What the hell? Why would I lie? Who just shows up at someone’s house uninvited and pretends like they were?
He is starting to piss me off.

His eyebrows scrunch together as if something has left him perplexed. A sharp, intense look flares on his face then it disappears just as quickly. He continues looking at me for a long, silent moment. “Well, she shouldn’t have,” he finally says.
 

My temper finally gets the better of me and I can no longer remain on my best behavior. “You’re an ass!” I snap at him.

“She’s right. And Derek Jensen I can’t believe you, I taught you better!” A petite middle-aged woman with the same dark eyes and even darker hair appears in the doorway behind me. She glares daggers at the back of his head. I gather that he’s in trouble and he knows it when his back straightens and his muscles tense after he turns to meet her stare. “There are burgers on the grill that need tending to.”

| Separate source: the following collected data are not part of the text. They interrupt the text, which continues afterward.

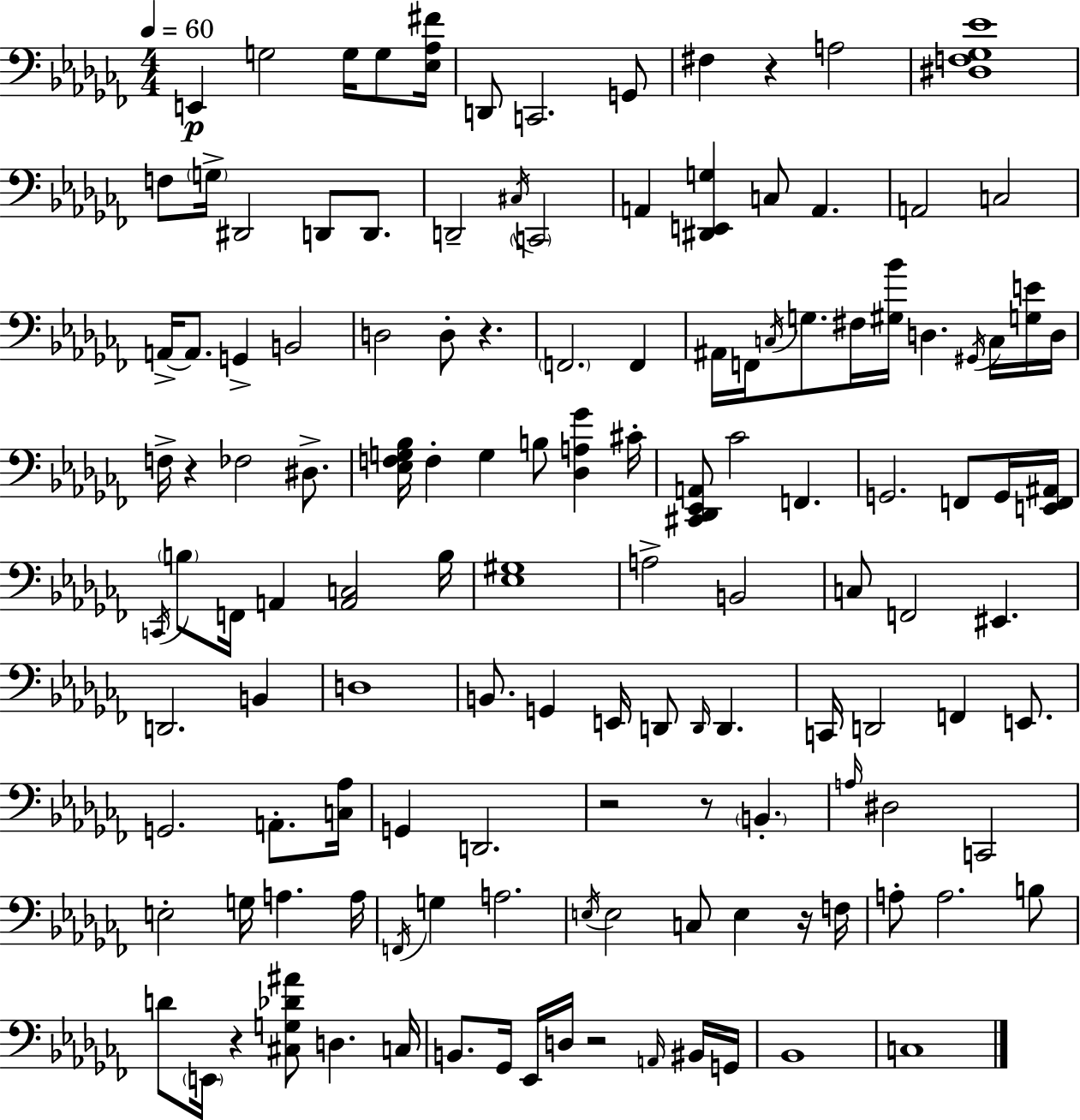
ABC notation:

X:1
T:Untitled
M:4/4
L:1/4
K:Abm
E,, G,2 G,/4 G,/2 [_E,_A,^F]/4 D,,/2 C,,2 G,,/2 ^F, z A,2 [^D,F,_G,_E]4 F,/2 G,/4 ^D,,2 D,,/2 D,,/2 D,,2 ^C,/4 C,,2 A,, [^D,,E,,G,] C,/2 A,, A,,2 C,2 A,,/4 A,,/2 G,, B,,2 D,2 D,/2 z F,,2 F,, ^A,,/4 F,,/4 C,/4 G,/2 ^F,/4 [^G,_B]/4 D, ^G,,/4 C,/4 [G,E]/4 D,/4 F,/4 z _F,2 ^D,/2 [_E,F,G,_B,]/4 F, G, B,/2 [_D,A,_G] ^C/4 [^C,,_D,,_E,,A,,]/2 _C2 F,, G,,2 F,,/2 G,,/4 [E,,F,,^A,,]/4 C,,/4 B,/2 F,,/4 A,, [A,,C,]2 B,/4 [_E,^G,]4 A,2 B,,2 C,/2 F,,2 ^E,, D,,2 B,, D,4 B,,/2 G,, E,,/4 D,,/2 D,,/4 D,, C,,/4 D,,2 F,, E,,/2 G,,2 A,,/2 [C,_A,]/4 G,, D,,2 z2 z/2 B,, A,/4 ^D,2 C,,2 E,2 G,/4 A, A,/4 F,,/4 G, A,2 E,/4 E,2 C,/2 E, z/4 F,/4 A,/2 A,2 B,/2 D/2 E,,/4 z [^C,G,_D^A]/2 D, C,/4 B,,/2 _G,,/4 _E,,/4 D,/4 z2 A,,/4 ^B,,/4 G,,/4 _B,,4 C,4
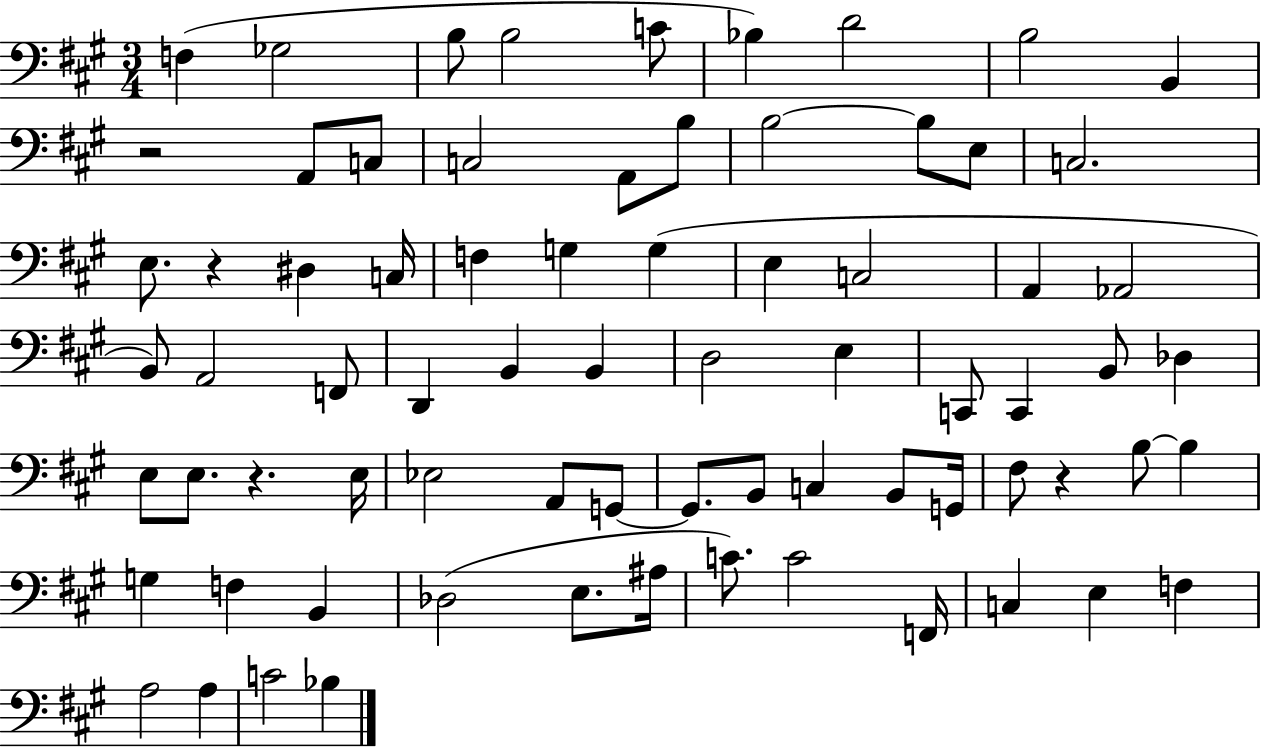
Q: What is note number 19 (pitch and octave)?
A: E3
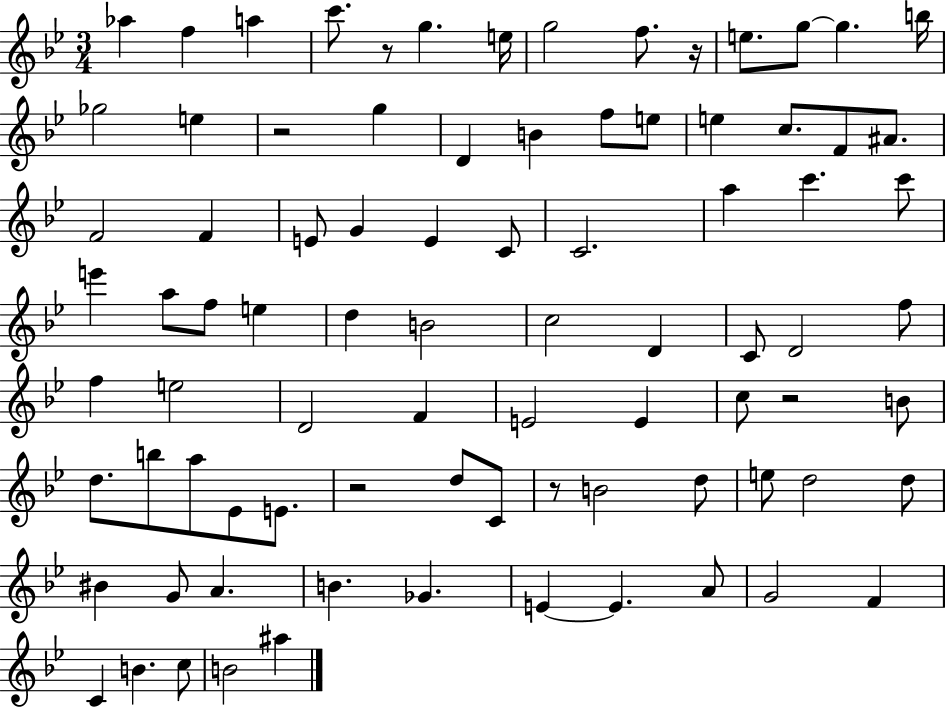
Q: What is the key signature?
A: BES major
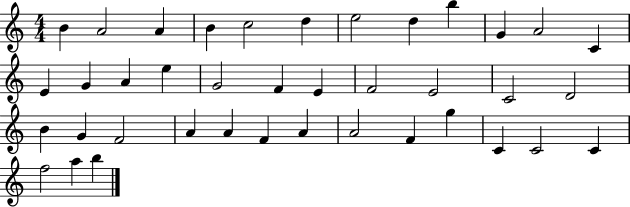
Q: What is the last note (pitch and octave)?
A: B5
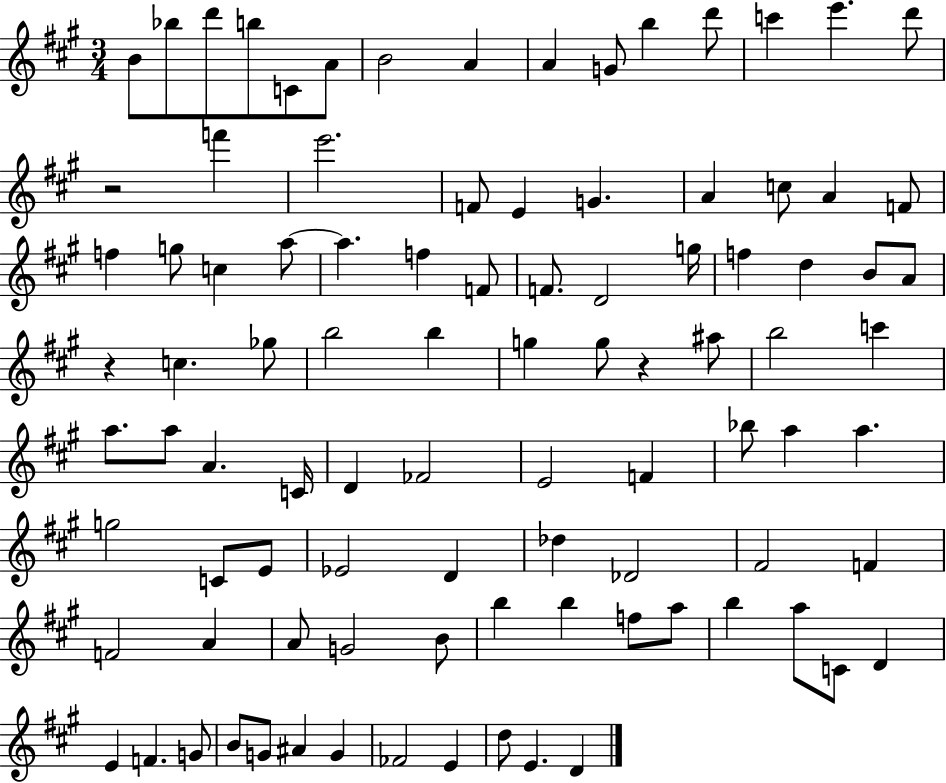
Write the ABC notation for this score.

X:1
T:Untitled
M:3/4
L:1/4
K:A
B/2 _b/2 d'/2 b/2 C/2 A/2 B2 A A G/2 b d'/2 c' e' d'/2 z2 f' e'2 F/2 E G A c/2 A F/2 f g/2 c a/2 a f F/2 F/2 D2 g/4 f d B/2 A/2 z c _g/2 b2 b g g/2 z ^a/2 b2 c' a/2 a/2 A C/4 D _F2 E2 F _b/2 a a g2 C/2 E/2 _E2 D _d _D2 ^F2 F F2 A A/2 G2 B/2 b b f/2 a/2 b a/2 C/2 D E F G/2 B/2 G/2 ^A G _F2 E d/2 E D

“I’m on it Mom.” His tone softens when he speaks to her. He no longer sounds like a Grade A jerk. He disappears into the interior of the house but not before pausing to look back and shoot me a caustic look over his shoulder that says
regardless of what she says you are not welcome here.
 

The woman turns to me with a blinding smile that communicates the exact opposite. From first impressions they seem like night and day. She is bright and sunny and he is Mr. Dark and Moody. I marvel at how she can be his mother then wonder where Cassie’s and Cassie herself is on the tail end of the thought. She grabs me by the arm and pulls me into the house.
 

“My son will refuse to so I apologize on his behalf. He forgets the manners that I went through great pains to teach him sometimes. You must be Ash. Cassie told me that she invited you over and to keep an eye out for you in case you arrived before she got back. I forgot the eggs when I went to the grocery store this morning so I sent her to the drug store for half a dozen. It’s the price of not contributing to the meal. I love my Cass but she would burn water.” The woman chuckles at her own joke and I smile politely.